Peter Ramage

Personal information
- Full name: Peter Martin Fairgrieve Ramage
- Date of birth: 26 March 1908
- Place of birth: Bonnyrigg, Scotland
- Date of death: 17 December 1982 (aged 74)
- Place of death: Ballyclare, Northern Ireland
- Position: Inside left

Senior career*
- Years: Team / Apps / (Gls)
- Bonnyrigg Rose Athletic
- Tranent Juniors
- Newtongrange Star
- 1927–1928: Coventry City / 26 / (5)
- 1928–1937: Derby County / 233 / (55)
- 1937–1939: Chesterfield / 71 / (4)
- Chelmsford City
- → Notts County (guest)
- → Derby County (guest)
- Heanor Town
- Atherstone Town
- 1947–1948: Ilkeston Town / 27 / (10)
- Qualcast Sports
- Brush Sports

= Peter Ramage (footballer, born 1908) =

Scottish footballer

Peter Martin Fairgrieve Ramage (26 March 1908 – 17 December 1982) was a Scottish footballer who played as an inside left.

==Career==
Ramage began his career playing for hometown club Bonnyrigg Rose Athletic. Moves to Tranent Juniors and Newtongrange Star followed, before moving to England in 1927 to sign for Coventry City.

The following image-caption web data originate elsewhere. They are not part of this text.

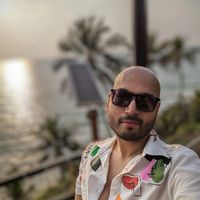 Swapnil Soni's Photo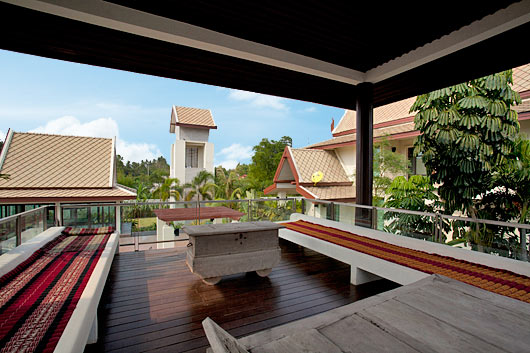 Thailand Villa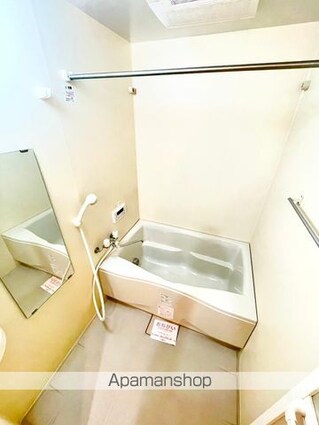 和歌山県和歌山市紀三井寺[2LDK/62.17m2]のバス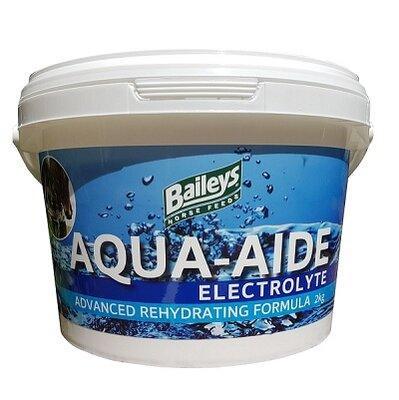 Baileys Aqua-Aide Electrolyte – 2kg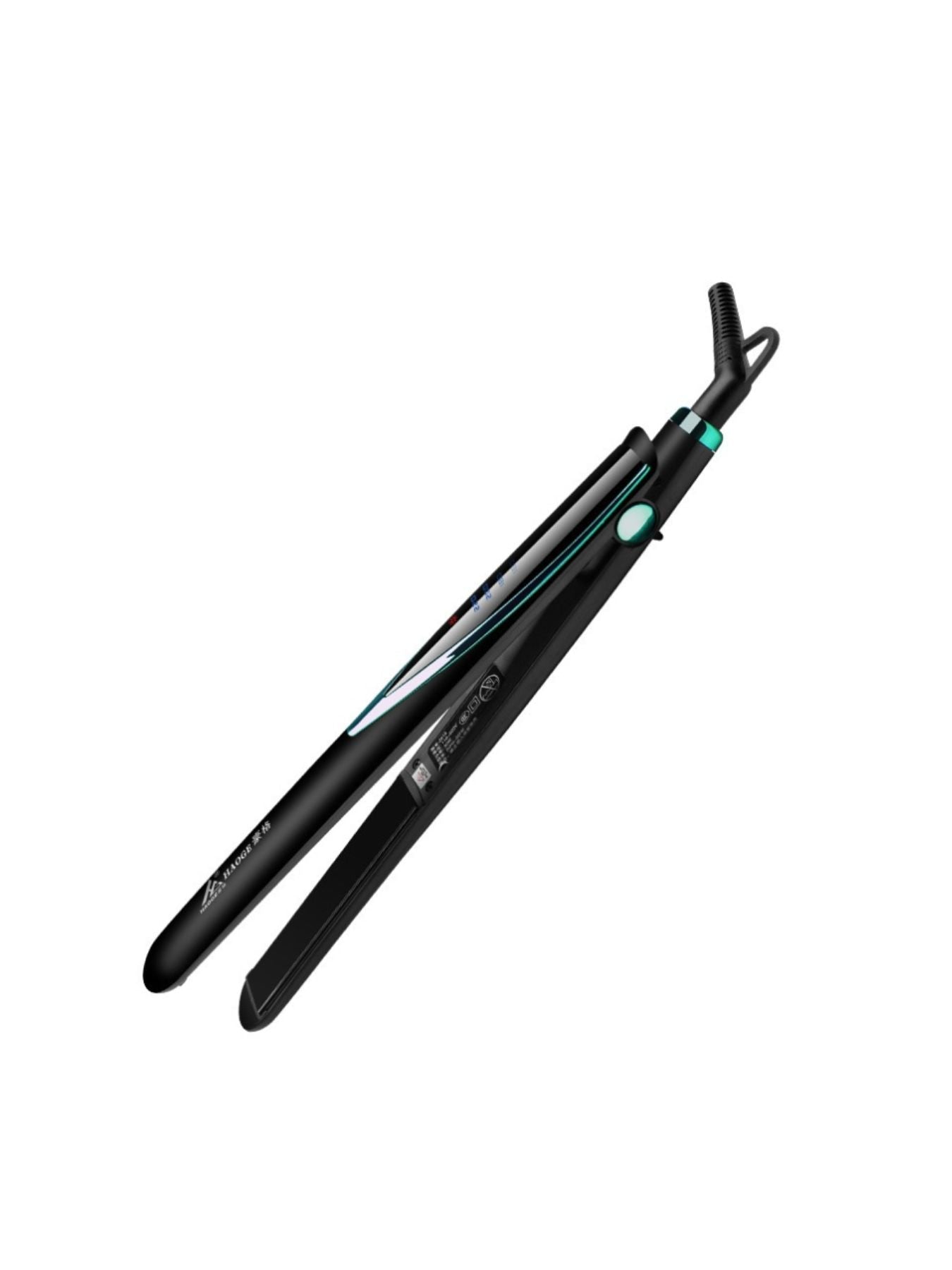 Adjustable Temperature Hair Straightener New Era Fashion LLc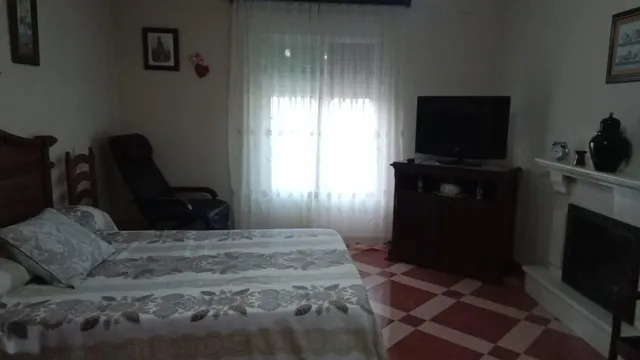 VENTA  DE DOS CHALET EN CAMINO DE MOLINO VIEJO — 7
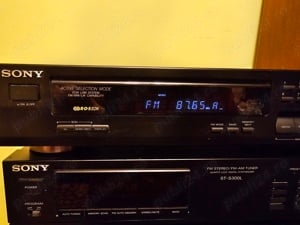 Tuner Sony st 261 - imagine 2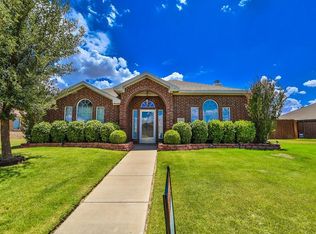 4911 Itasca St, Lubbock, TX 79416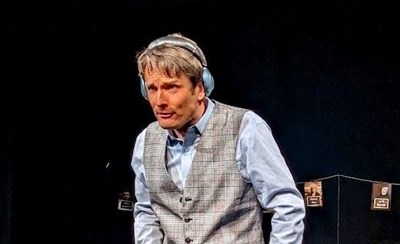 Maxence Descamps dans le plus beau métier du monde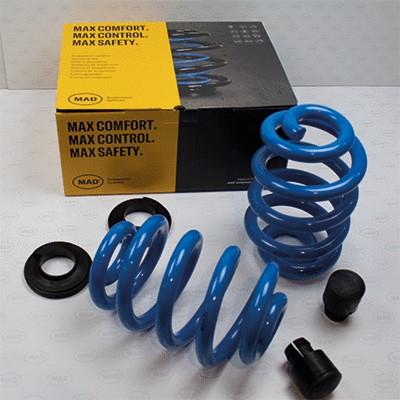 MAD HV-494028 - Suspension Kit, coil springs car-mod.net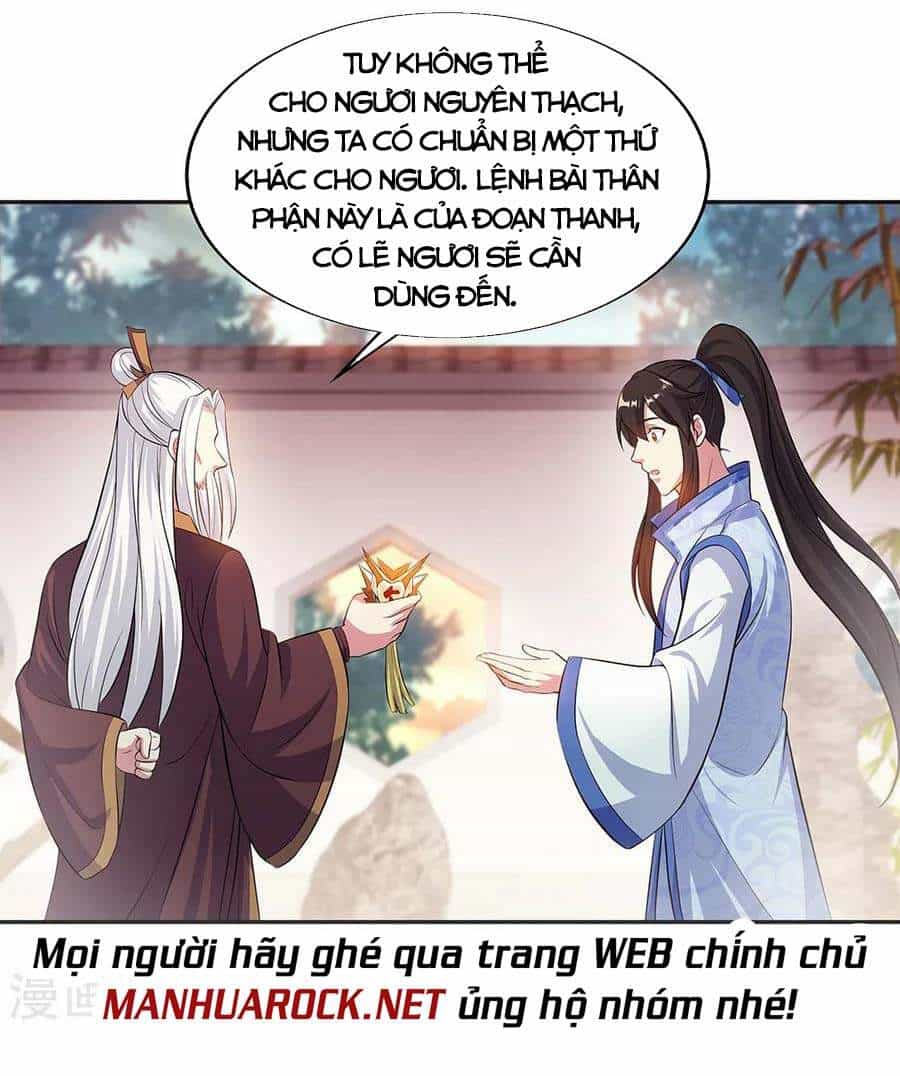 Chiến Hồn Tuyệt Thế - Chương 278 - ảnh 30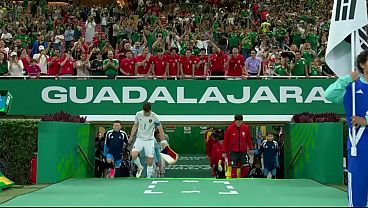 Momen Terhot: Korea Selatan 2 X 1 Cewek Czech Nya Sexy Banget Sampe Mampus
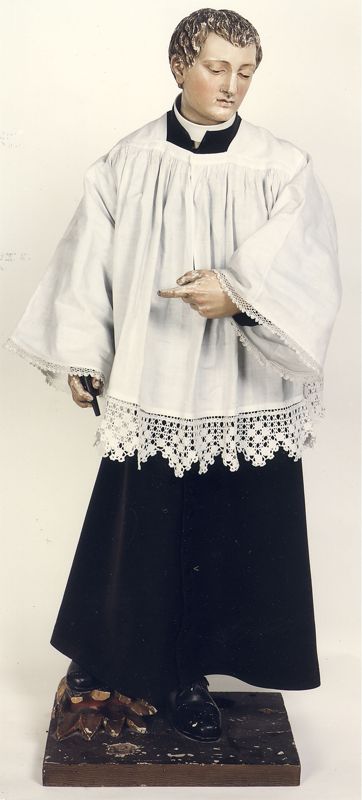 H. Aloysius van Gonzaga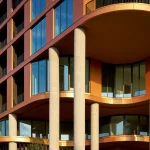 Stella at Star Metals, Oppenheim Architecture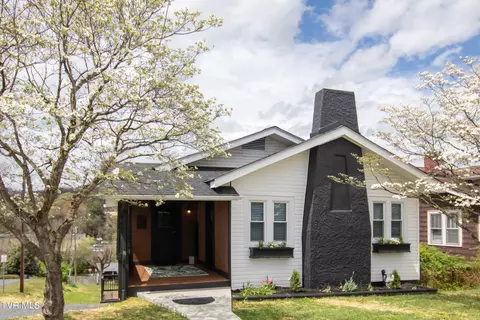 1020 Southside Avenue Bristol Tn 37620, Bristol, TN 37620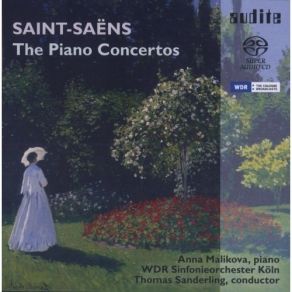 Download track 06. Piano Concerto No. 5 In F-Dur, Op. 103 - III. Molto Allegro Camille Saint - Saëns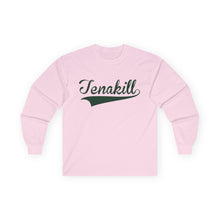 Load image into Gallery viewer, Unisex Ultra Cotton Long Sleeve Tee Printify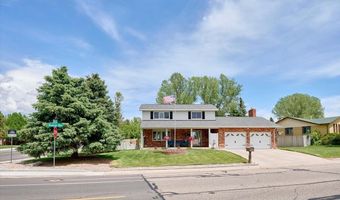770 VANDEHEI Ave, Cheyenne, WY 82009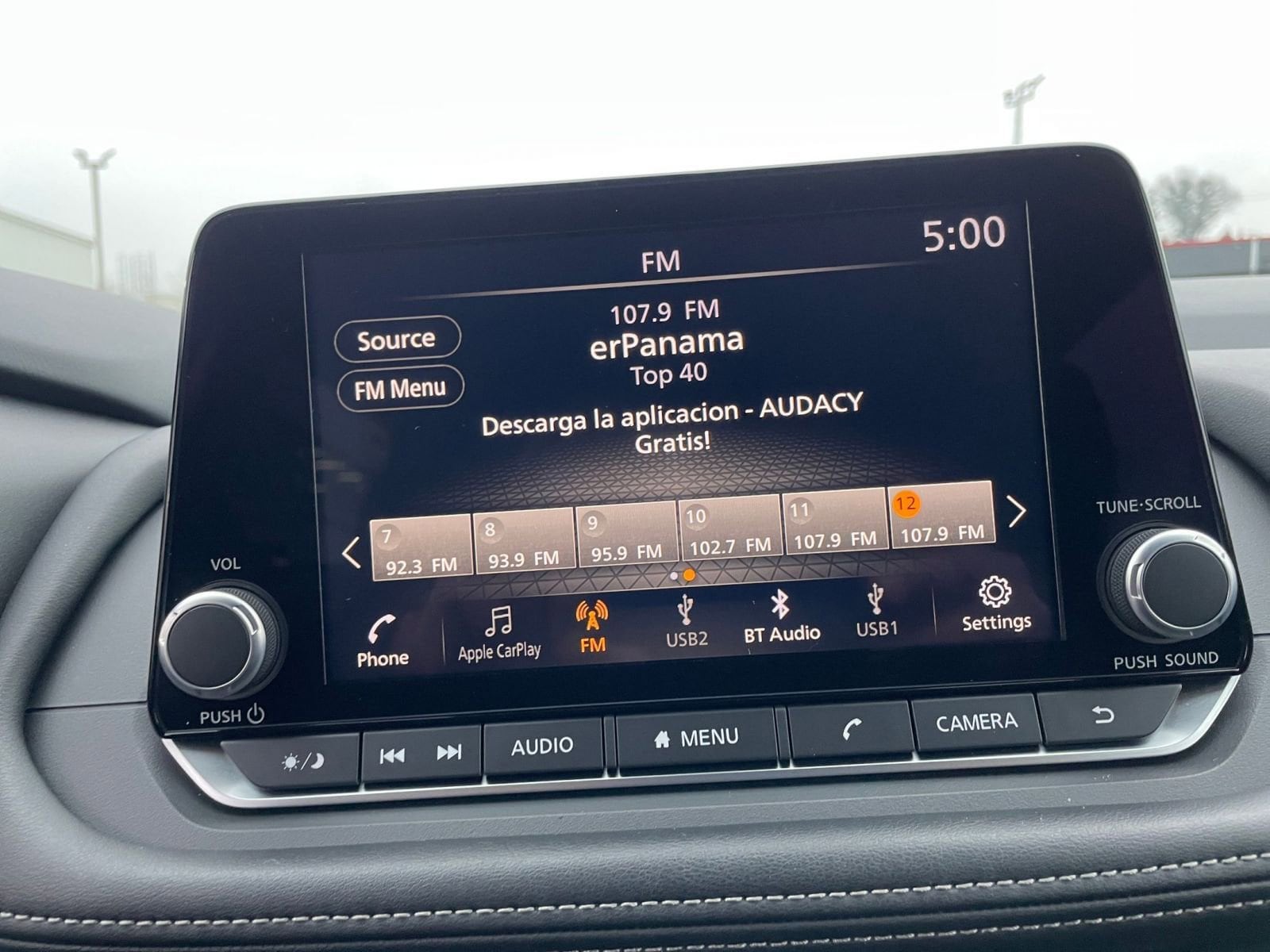 Thumbnail: 2025 Nissan Rogue - 20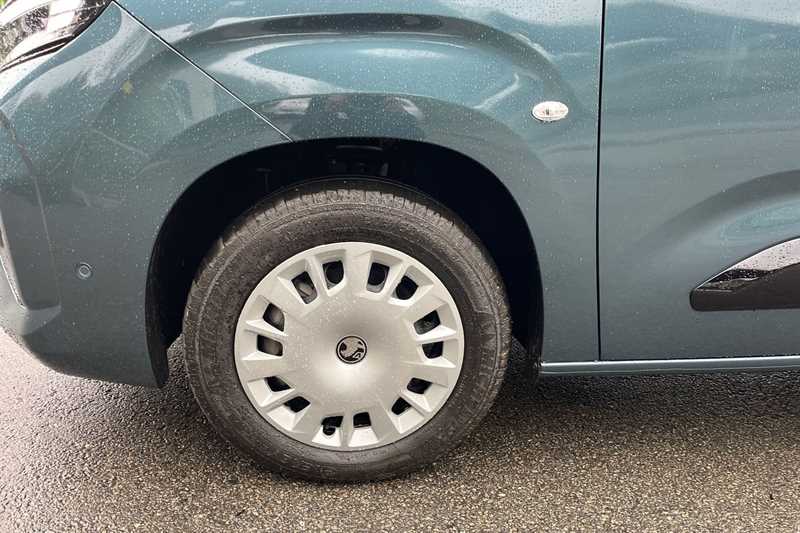 Used Vauxhall Combo 2025 for sale - 77471452: Photo 56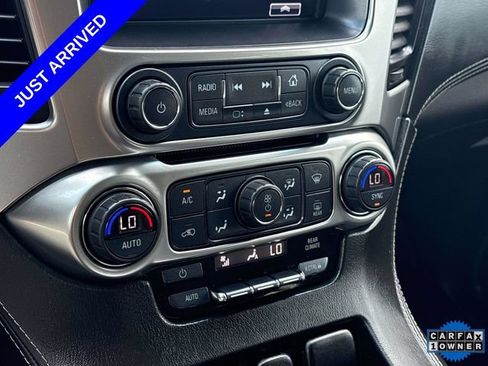 Used 2017 Chevrolet Tahoe LS w/ All-Season Package RWD image 36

In 1928, after scoring five times in 26 league games for Coventry, Ramage joined Derby County. At Derby, he played 233 Football League games for the club, scoring 55 times over the course of nine years. In 1937, Ramage signed for Chesterfield, playing 71 times over the course of two seasons. In 1939, Ramage signed for Chelmsford City. Due to the outbreak of World War II, he guested for Notts County and Derby County during his time at Chelmsford. Following the culmination of the war, Ramage played for non-league clubs Heanor Town, Atherstone Town, Ilkeston Town, Qualcast Sports and Brush Sports.